At the outset of A Field Guide to Getting Lost, Rebecca Solnit explains how the book was inspired by a student bringing her an ancient koan: How will you go about finding that thing the nature of which is totally unknown to you? I don’t know that Solnit ever satisfactorily answers that question, unless the foggy, meandering book I discussed last week is itself her answer. (Which, appropriately, seems to be the author’s saying “get lost,” double entendre and all.) Unbeknownst to me, the other book I was reading contemporaneously to Solnit’s Guide was much more explicit in addressing the same question.
Edwin Abbott’s Flatland: A Romance of Many Dimensions is the story of a bunch of sentient, two-dimensional geometric shapes—weird, I know—and how one of them is finally enlightened to the existence of a third dimension, only to immediately be branded a lunatic by his society. And who can blame them? You wouldn’t believe someone who came up to you shouting about a literally trans-dimensional being who just revealed an entirely new aspect of reality.

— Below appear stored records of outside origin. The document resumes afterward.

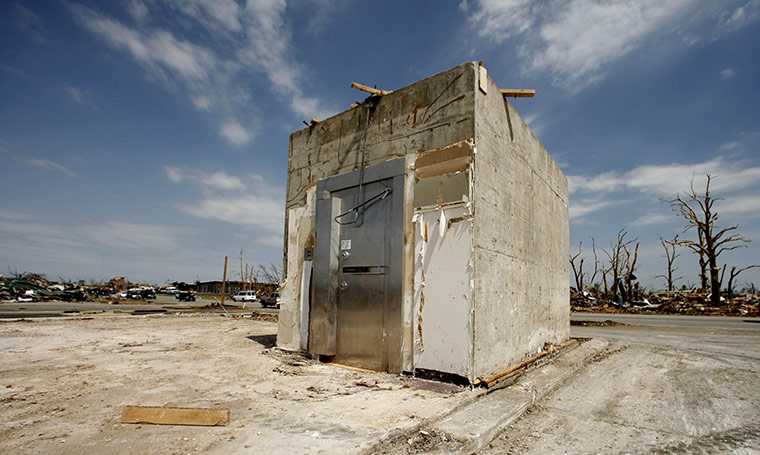 24 Hours: A vault is all that remains of the Commerce Bank after the tornado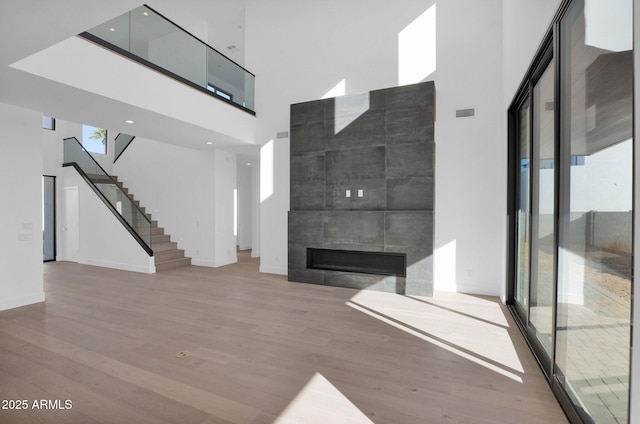 unfurnished living room featuring light hardwood / wood-style floors, a towering ceiling, and a fireplace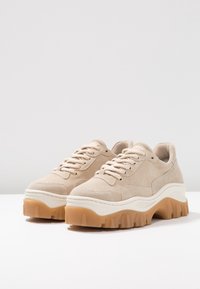 Beige Wildleder-Sneaker mit dicker weißer Zwischensohle und strukturiertem Gummiaußensohle. Verfügt über runde, flache Schnürsenkel und gestickte Details am Obermaterial.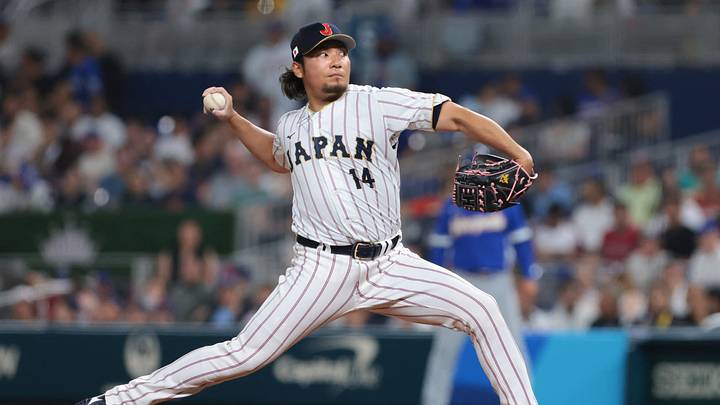 Miami, FL, United States; Japan pitcher Hiromi Itoh (14) delivers a pitch against Venezuela in the sixth inning during a quarterfinal game of the 2026 World Baseball Classic at loanDepot Park. Mandatory Credit: Sam Navarro-Imagn Images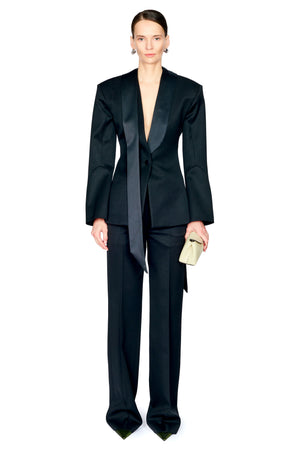 A model wearing a black satin and matte black two-piece suit with a deep V-neckline, wide lapels, and matching trousers, holding a small beige clutch against a plain white background.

The revelation at the center of Flatland occurs after the two-dimensional protagonist does a Geometric Gulliver routine, meeting a one-dimensional being before meeting a three-dimensional one. In the former case, the protagonist is aware of a dimension that his companion can’t begin to fathom and so, in the latter case, he is able to extrapolate that initial experience out to understand that, just as the one-dimensional being’s blindness to the second dimension doesn’t preclude that dimension from existing, so too does his blindness to a third dimension not preclude such a dimension from being real.
It’s a clever combination of mathematics and storytelling and, more than the book’s satirical mockery of Victorian social norms, the lingering legacy of Abbott’s story is how it fosters critical thinking. And, as a writer, it tickles me that a book that is principally about math concludes that the true key to understanding is metaphor (or capital-A Analogy, in the book’s parlance) which is the tool of a writer, not a mathematician. Even in a land of talking triangles, a writer’s ability to communicate is central to an accurate understanding of the world.